I've spent some time this update cycle to to reduce this overhead, as in the current conditions it severely reduces the benefit we can get out of the tool. I've tackled it from a couple angles:
Reduced how much Code we capture
The profiler works by annotating every code method that it encounters, wrapping it in a set of calls that dispatch to different Mono profilers. Comparatively, for complex and expensive methods these call are unnoticeable, but for small utility functions that do a trivial thing (change a bool, set a bit, append to a list, etc) the dispatching calls add massive overhead (we're talking 10x+ the cost of the utility function). Lastly, these dispatching calls are cheaper when the profiler is enabled, but not capturing - but they are still not free.

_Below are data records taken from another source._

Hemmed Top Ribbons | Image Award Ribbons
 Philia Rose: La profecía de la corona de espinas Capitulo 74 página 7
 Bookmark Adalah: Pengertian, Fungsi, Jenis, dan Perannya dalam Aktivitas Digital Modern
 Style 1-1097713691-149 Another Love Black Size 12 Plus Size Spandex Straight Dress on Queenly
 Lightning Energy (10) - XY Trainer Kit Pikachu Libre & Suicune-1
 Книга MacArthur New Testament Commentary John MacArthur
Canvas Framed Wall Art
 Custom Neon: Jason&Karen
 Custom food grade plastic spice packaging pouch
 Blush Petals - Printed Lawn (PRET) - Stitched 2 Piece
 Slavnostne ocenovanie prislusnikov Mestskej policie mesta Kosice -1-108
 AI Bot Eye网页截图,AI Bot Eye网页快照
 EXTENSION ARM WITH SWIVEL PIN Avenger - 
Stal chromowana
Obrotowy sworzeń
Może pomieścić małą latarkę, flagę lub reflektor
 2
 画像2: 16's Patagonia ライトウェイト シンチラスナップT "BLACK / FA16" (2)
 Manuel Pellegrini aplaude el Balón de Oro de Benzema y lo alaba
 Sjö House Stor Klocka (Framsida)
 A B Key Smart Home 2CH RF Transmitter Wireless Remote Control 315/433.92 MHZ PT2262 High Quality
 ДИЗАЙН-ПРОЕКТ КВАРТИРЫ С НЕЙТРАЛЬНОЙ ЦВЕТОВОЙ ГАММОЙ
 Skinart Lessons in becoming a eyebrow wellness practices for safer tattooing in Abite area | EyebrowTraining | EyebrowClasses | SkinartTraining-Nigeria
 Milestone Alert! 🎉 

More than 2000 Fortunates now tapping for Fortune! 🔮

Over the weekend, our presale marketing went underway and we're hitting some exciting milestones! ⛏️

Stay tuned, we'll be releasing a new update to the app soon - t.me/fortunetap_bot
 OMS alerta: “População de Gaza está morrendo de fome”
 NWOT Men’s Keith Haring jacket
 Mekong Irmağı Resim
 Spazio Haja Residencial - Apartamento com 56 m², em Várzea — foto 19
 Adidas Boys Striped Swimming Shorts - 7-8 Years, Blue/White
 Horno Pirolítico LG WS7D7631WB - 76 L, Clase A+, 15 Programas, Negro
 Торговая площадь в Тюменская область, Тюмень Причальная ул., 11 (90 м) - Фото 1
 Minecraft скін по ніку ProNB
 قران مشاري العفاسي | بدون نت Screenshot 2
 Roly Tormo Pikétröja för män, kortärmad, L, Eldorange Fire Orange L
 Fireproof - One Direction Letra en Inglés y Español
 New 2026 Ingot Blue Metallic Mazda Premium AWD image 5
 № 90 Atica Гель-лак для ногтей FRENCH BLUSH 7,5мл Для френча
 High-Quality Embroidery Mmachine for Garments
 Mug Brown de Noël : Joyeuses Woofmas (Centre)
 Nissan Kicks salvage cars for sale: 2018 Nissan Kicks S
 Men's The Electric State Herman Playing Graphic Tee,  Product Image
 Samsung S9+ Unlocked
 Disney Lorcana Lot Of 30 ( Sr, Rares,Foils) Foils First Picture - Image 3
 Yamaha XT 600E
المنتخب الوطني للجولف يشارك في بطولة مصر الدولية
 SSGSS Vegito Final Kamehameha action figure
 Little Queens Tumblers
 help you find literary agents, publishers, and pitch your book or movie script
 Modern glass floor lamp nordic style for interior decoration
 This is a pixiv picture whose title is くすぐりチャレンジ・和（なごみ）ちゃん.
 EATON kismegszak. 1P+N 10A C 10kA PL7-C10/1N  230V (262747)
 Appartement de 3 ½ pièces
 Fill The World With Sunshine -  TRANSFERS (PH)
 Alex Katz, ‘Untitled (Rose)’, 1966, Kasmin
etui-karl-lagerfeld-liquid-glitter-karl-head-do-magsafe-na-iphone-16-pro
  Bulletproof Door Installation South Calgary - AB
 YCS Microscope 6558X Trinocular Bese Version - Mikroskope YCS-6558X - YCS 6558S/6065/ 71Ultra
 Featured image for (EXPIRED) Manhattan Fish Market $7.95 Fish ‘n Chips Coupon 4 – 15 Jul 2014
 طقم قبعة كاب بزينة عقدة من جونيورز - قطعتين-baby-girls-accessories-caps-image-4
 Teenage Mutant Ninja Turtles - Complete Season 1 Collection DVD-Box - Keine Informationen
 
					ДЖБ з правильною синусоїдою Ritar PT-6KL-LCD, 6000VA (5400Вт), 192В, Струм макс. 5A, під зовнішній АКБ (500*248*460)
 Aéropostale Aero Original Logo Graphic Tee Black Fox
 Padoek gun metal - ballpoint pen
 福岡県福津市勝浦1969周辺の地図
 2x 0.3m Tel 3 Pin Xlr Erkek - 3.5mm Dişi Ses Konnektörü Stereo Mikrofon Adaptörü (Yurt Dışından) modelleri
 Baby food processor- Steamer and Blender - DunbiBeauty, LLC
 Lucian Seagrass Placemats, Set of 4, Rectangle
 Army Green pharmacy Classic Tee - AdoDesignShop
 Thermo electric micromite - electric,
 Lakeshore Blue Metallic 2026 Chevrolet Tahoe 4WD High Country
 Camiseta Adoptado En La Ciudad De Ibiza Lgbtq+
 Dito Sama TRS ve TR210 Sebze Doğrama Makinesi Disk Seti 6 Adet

Originally I set up a number of annotation filters to exclude some known and safe code (stuff from System.Collections.Generic namespace, for example), but it still left a lot of "fat" that we could trim. Here's the before and after of the changes affecting our player processing loop:
As you can see there's much less of nested calls(reduced verticality), and instant calls (triangles, they take less than Perfetto is able to track) appear much earlier.
This update we no longer capture:
- Hash functions
- Casting & comparison operators
- Property getters
- UnityEngine.CoreModule related code
- Enumerators
- Anything Math related
- Our internal collections (like BufferList)
- Serialization code
There's more, but hopefully you see the principle behind the choice - anything small, trivial or reliable gets ignored.
This allowed us to massively reduce the amount of data we generate during capture - on staging server, we used to generate about 17MB of json per player, after these changes it's gone down to ~0.5MB of json per player. This should also reduce the "idle" overhead, since there's much less "dispatch code" that's scattered around.
Improved json generation logic
One of the quirks that we have to deal with profiler-gathered data is that it doesn't know where the frame begins and ends - it's just a stream of "method enter/exit" records + "frame end" record that happens somewhere deep in the managed callstack. And since we want to display the data in a per-frame organized matter, we need to scan this stream to figure out how to partition all records.
Originally I implemented a less-efficient version of this because I assumed that there wouldn't be too much data to overwhlem this process. Since the previous section showed that I was wrong on the scale of data, I've also spent a bit of time to improve the export process - we now only need 2 whole-data-set scans to figure out frame grouping, instead of 3 originally, so using napkin-math, this gives us 33% export speedup.
Additionally, I've received reports that profiler can fail to generate snapshots. There are a couple scenarios in the above frame-reconstruction logic that can cause it to fail, so for these cases I've added the option to dump a binary debug snapshot - just run "perfsnapshot <delay> <name> <frames> 1", and you should see a "<name>.bin.gz" in "<root>/server/<identity>/profiler/" folder. I'll be able to inspect it in our internal tool to see what am I missing:
Future Plans
I've been using this tool on the daily to inspect the state of our Staging servers, and I'm hoping to do the same with our medium and high-pop release servers as well. To squeeze out the most, there are additional improvements that I'd like to pursue when the time allows:
- Continue trimming down on annotated functions - there's still plenty to reduce.
- Need to expose the annotation filter to server owners - right now it's all hardcoded which is limiting
- Need to expand allocation tracking - right now we just track how much we allocated on main thread. We could track allocated object types, and figure out a better way to display it on Perfetto.
- Emit more metadata about the performance state - provide manual annotation tools to emit the scope of workload for our team, or to show cross-thread dependencies.
- Explore automatic capture during frame spikes.